Im Bang, a Korean writer on Korean beliefs, has a characteristic story of a poor relative of some Korean dignitary. This poor relative of the high official once a year gathered hundreds of thousands of spirits whom he checked off, so as to keep their malignant disposition under control. And this gentleman was but one of the many clerks; he was but one census man of the vast bureaucratic spiritistic machinery for the regulation and control of evil demons.

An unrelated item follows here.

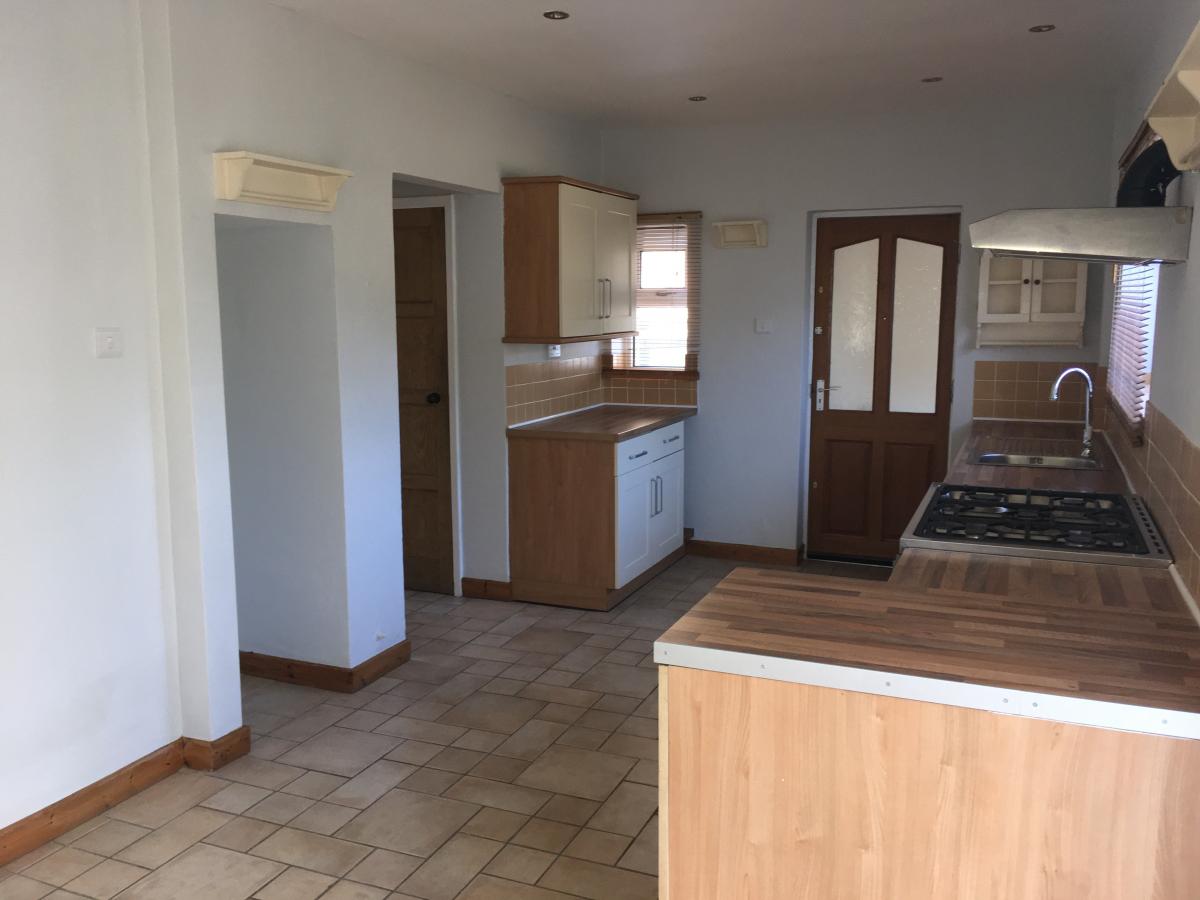 Image of 3 Bedroom Semi-Detached House, Weston Rise, Chellaston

The same holds true of the other tribes in Asia. Thus the Gyliaks think that all the places on earth are filled with malicious demoniacal agencies. Similarly, the Koryaks on the Amoor are terrorized by the malignancy of evil spirits that dog their steps. W. Jochelson tells of the Koryaks that “when visiting the houses to cause diseases and to kill people, they (the spirits or demons) enter from under the ground.... They are invisible to human beings, they are sometimes so numerous in houses that they sit on the people, and fill up all corners.... With hammers and axes they knock people over their heads and cause headache. They bite, and cause swellings. They shoot invisible arrows which stick in the body causing death. The demons tear out pieces of flesh from people, thuscausing sores and wounds to form on the body.” The same spirit of fear of the invisible and of the mysterious, fear of evil powers, controlling the fate of man, constitutes the central belief of almost every primitive tribe, semi-civilized, ancient, as well as modern nation. They are all controlled by the fundamental instinct of life—the fear instinct.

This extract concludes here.